MYSM1-mediated epigenetic modification dysregulation leads to immunosuppression and secondary infections in sepsis.

Abstract

Sepsis is a life-threatening condition characterized by a dysregulated immune response to infection, often leading to organ dysfunction and even death. During the recovery phase of sepsis, patients frequently exhibit impaired antimicrobial function of immune cells, which exacerbates the state of immunosuppression and increases the risk of secondary infections. However, therapeutic strategies targeting sepsis-induced immunosuppression have yet to achieve breakthrough progress, with the core challenge lying in the significant gaps in understanding the molecular mechanisms underlying immunosuppression. In this study, we integrated clinical samples, mouse models, and molecular mechanisms to reveal that the reduction in macrophage function and epigenetic dysregulation, particularly histone ubiquitination, are central drivers of sepsis-induced immunosuppression. Further investigation demonstrated that MYSM1, a deubiquitinase, plays a pivotal role in regulating this ubiquitination process.

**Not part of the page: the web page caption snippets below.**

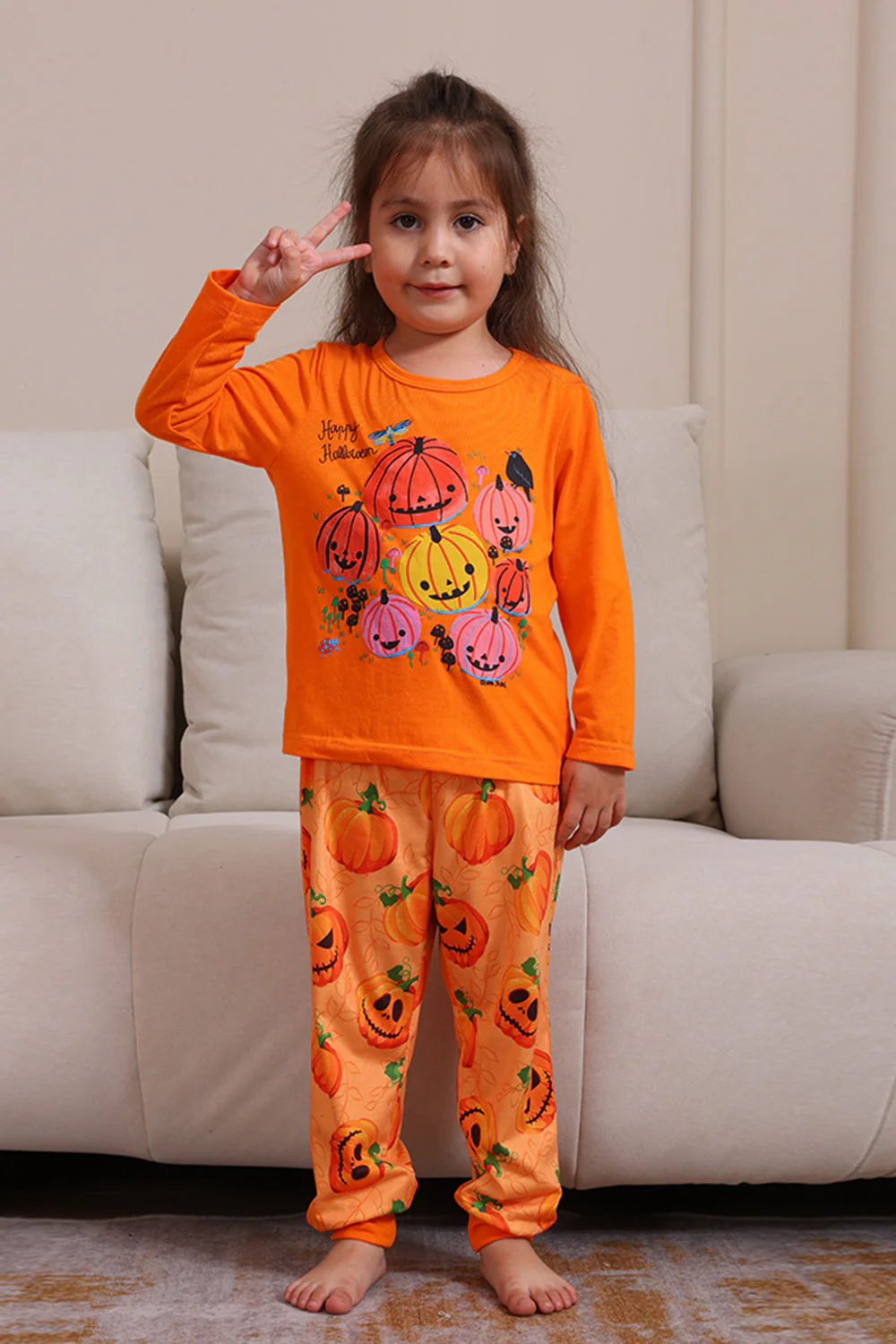 Rodzinna Piżama Halloween W Kolorze Pomarańczowym I Dyniowym - Image 9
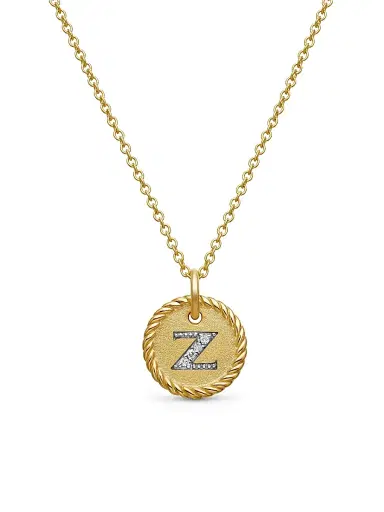 David Yurman Women's Initial Charm Necklace in 18K Yellow Gold with Pavé Diamonds - Initial Z | Thumbnail 1 David Yurman Women's Initial Charm Necklace in 18K Yellow Gold with Pavé Diamonds - Initial Z | Thumbnail 1
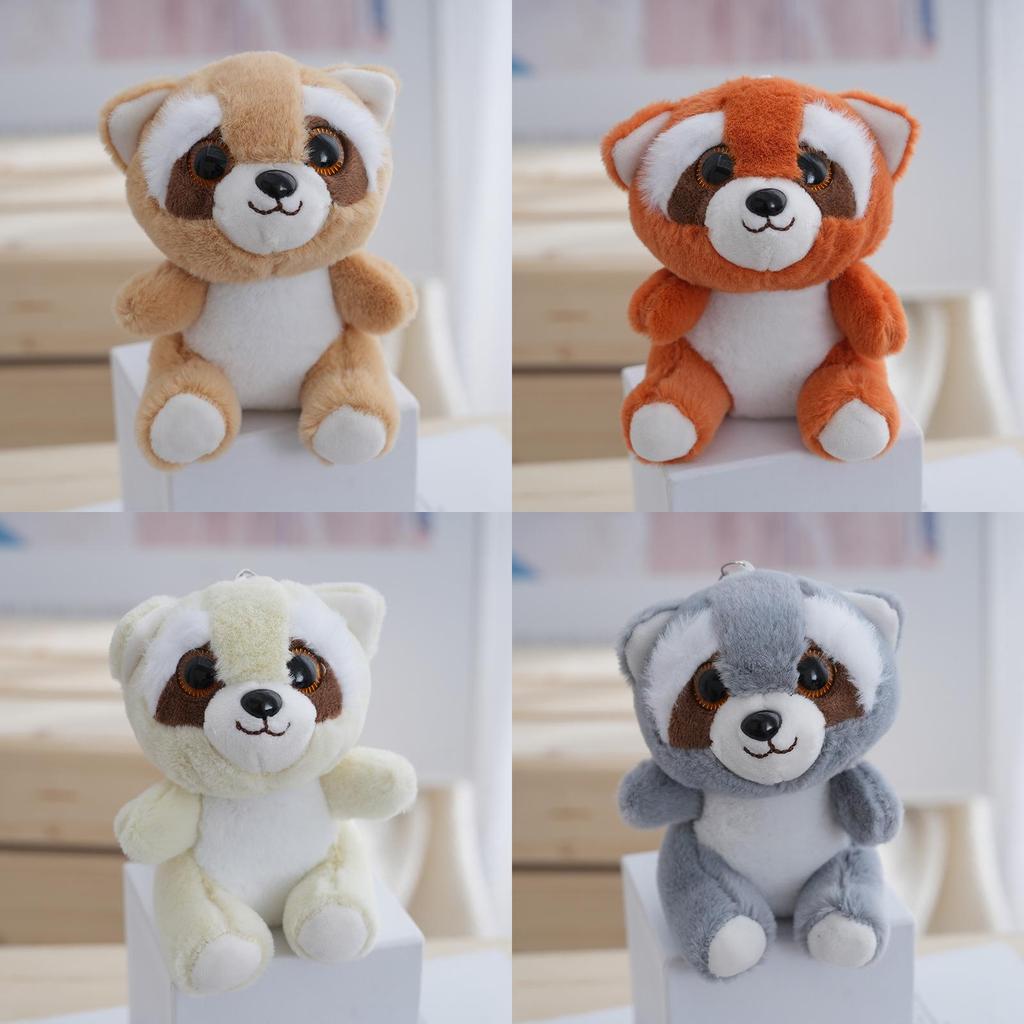 Adorable Plush Raccoon Keychain Cute Panda Doll Soft Bag Charm Toy For Kids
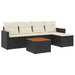 Set mobilier de grădină cu perne, 6 piese, negru, poliratan - WALTI WALTI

Targeted deletion of the N-terminal domain of MYSM1 markedly enhances the inflammatory response during the early phase of secondary infection in sepsis, facilitating bacterial clearance and significantly mitigating tissue damage in the late phase of secondary infection, thereby improving the survival outcomes in mice. Overall, our study elucidates the role of MYSM1-mediated dysregulation of epigenetic modifications in the immune response during the late phase of sepsis, providing a novel therapeutic approach for addressing sepsis-related immune dysfunction.